Problem >>
Given the listing below, write out exactly the lines starting with the line that has "BetheGlowofPEO Basic T-shirt" and going on through the line that has "Meisje met auto", both kept.

Records supplied >>
□ □ □ □ □ □ □

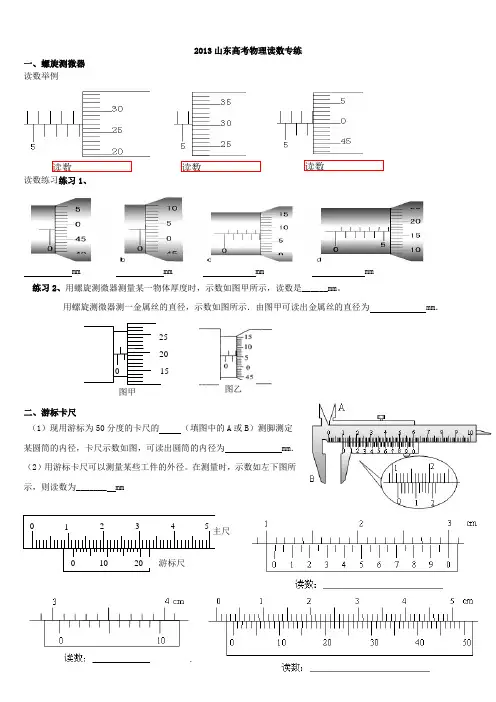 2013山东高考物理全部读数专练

□ □ □ □ □ □ □

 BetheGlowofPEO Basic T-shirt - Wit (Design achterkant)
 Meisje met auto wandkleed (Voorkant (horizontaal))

□ □ □ □ □ □ □

Your solution >>
 BetheGlowofPEO Basic T-shirt - Wit (Design achterkant)
 Meisje met auto wandkleed (Voorkant (horizontaal))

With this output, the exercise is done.